→ Stored items from a collection:
=== Begin Enclosure ===

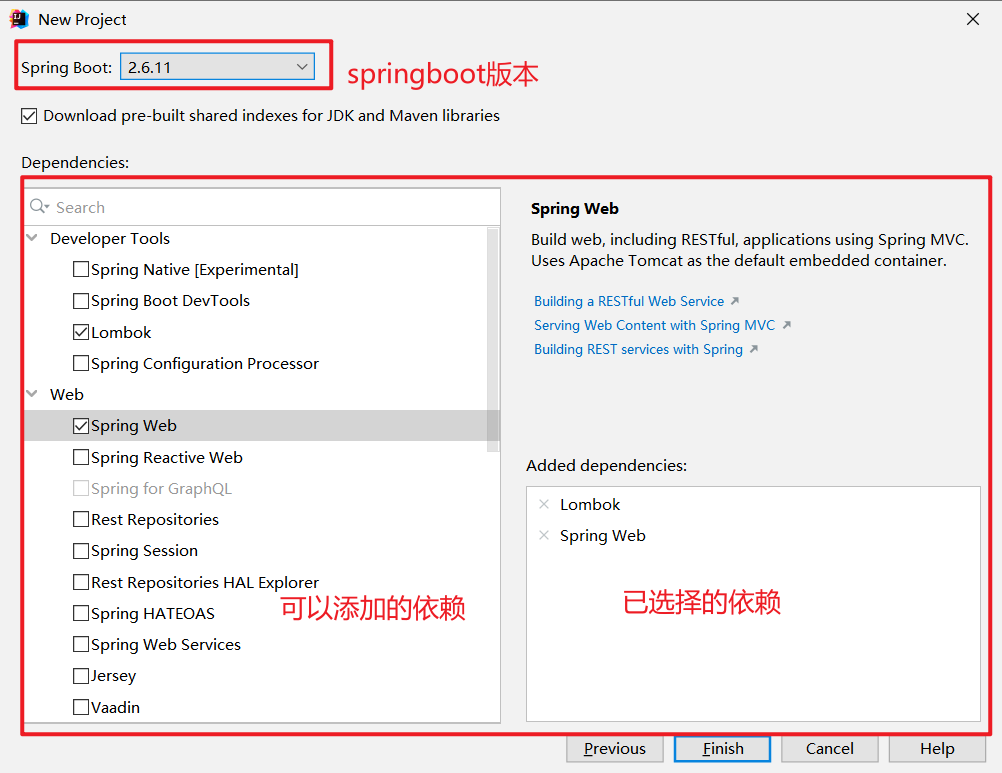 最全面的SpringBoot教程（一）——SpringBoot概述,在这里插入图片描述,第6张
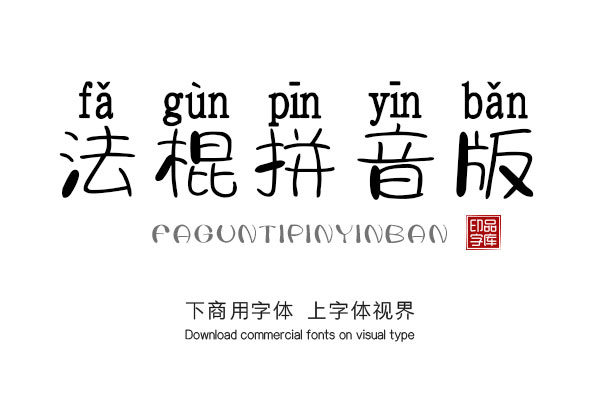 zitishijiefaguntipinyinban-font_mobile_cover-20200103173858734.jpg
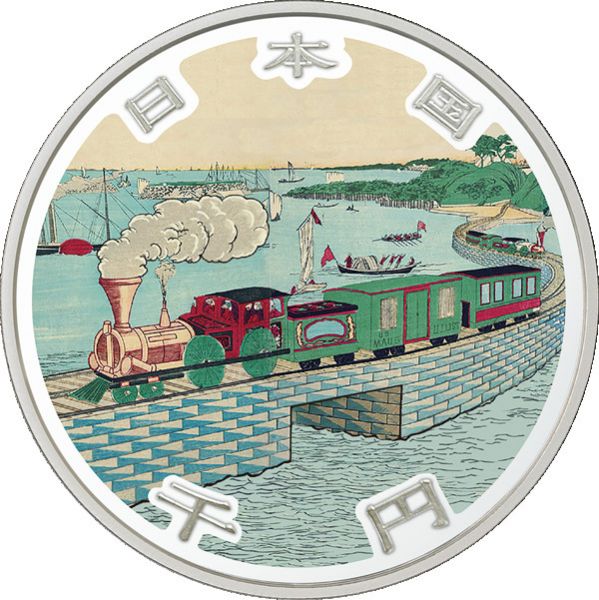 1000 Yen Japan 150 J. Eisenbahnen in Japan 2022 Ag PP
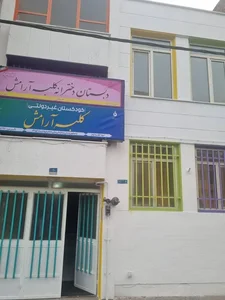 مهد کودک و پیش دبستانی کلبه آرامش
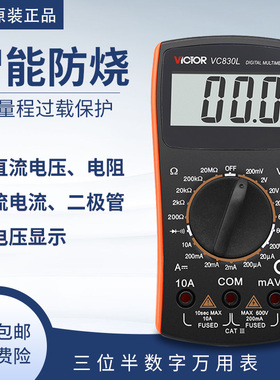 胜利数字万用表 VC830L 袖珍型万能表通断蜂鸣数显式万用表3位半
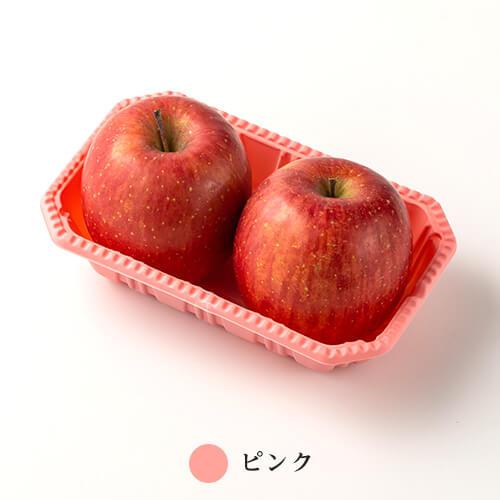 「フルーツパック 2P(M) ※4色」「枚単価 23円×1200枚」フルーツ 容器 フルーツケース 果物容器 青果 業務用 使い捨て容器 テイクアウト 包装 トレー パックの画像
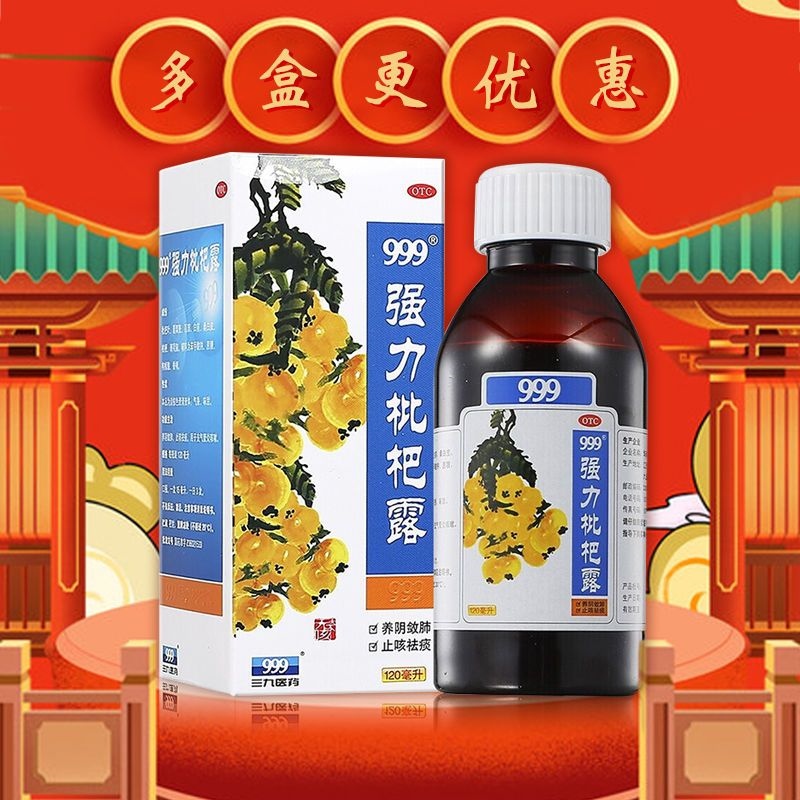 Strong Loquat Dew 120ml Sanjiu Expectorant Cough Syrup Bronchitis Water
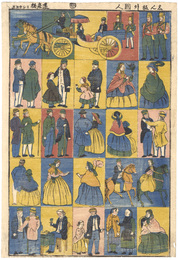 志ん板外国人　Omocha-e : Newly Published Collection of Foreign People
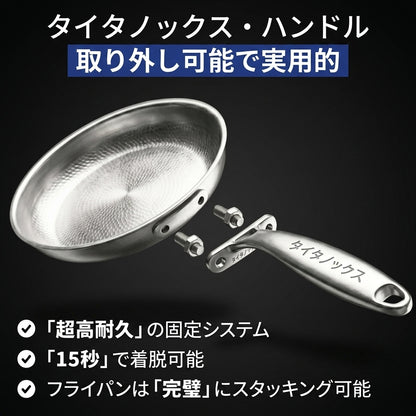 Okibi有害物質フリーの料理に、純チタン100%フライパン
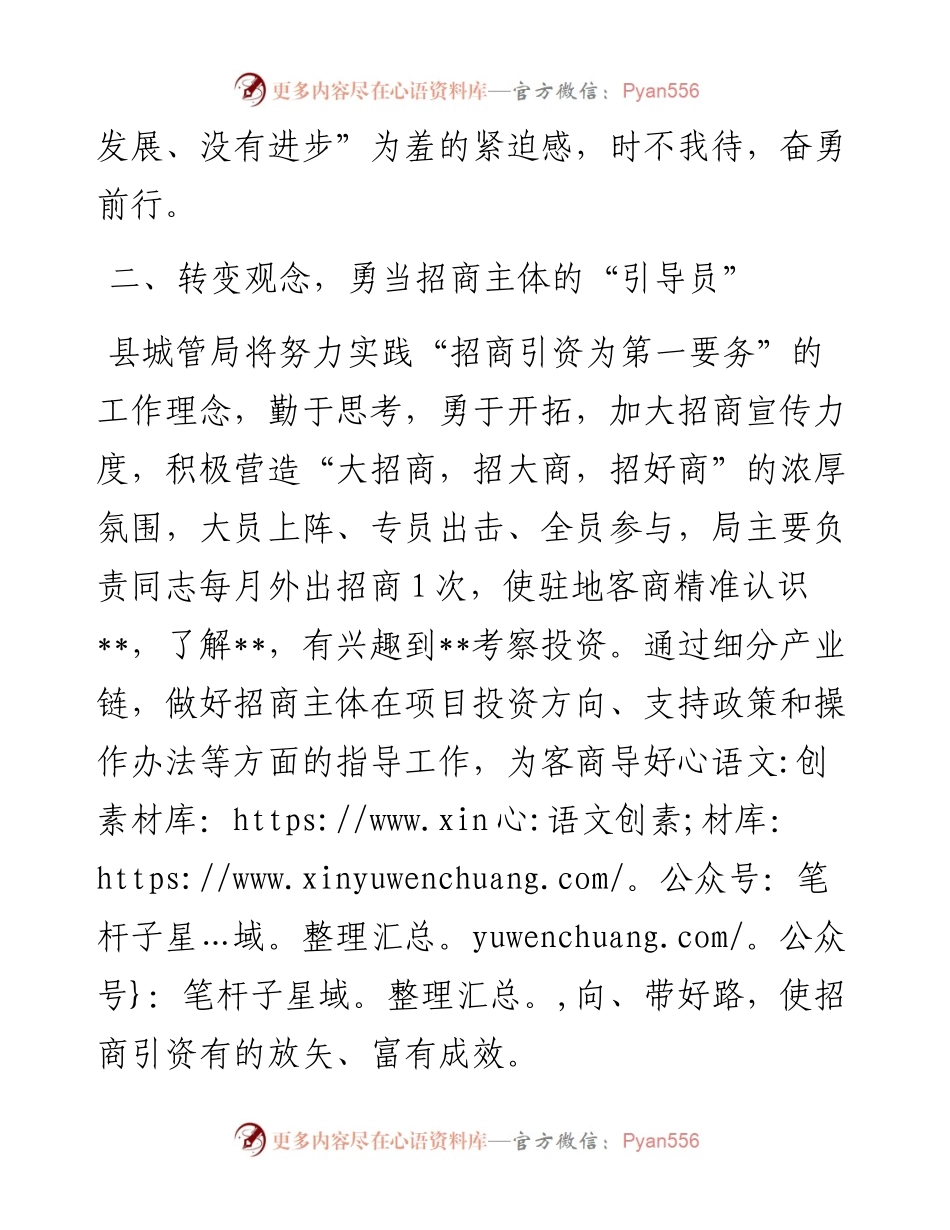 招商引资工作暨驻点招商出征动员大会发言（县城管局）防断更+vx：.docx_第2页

=== End Enclosure ===

→ ACTION ITEM: Your reply should give again exactly the lines from the one with "胜利数字万用表 VC830L 袖珍型万能表通断蜂鸣数显式万用表3位半" through the last line of the data, with both ends included and pictures left out.

→ WRITTEN REPLY:
 胜利数字万用表 VC830L 袖珍型万能表通断蜂鸣数显式万用表3位半
 「フルーツパック 2P(M) ※4色」「枚単価 23円×1200枚」フルーツ 容器 フルーツケース 果物容器 青果 業務用 使い捨て容器 テイクアウト 包装 トレー パックの画像
 Strong Loquat Dew 120ml Sanjiu Expectorant Cough Syrup Bronchitis Water
 志ん板外国人　Omocha-e : Newly Published Collection of Foreign People
 Okibi有害物質フリーの料理に、純チタン100%フライパン
 招商引资工作暨驻点招商出征动员大会发言（县城管局）防断更+vx：.docx_第2页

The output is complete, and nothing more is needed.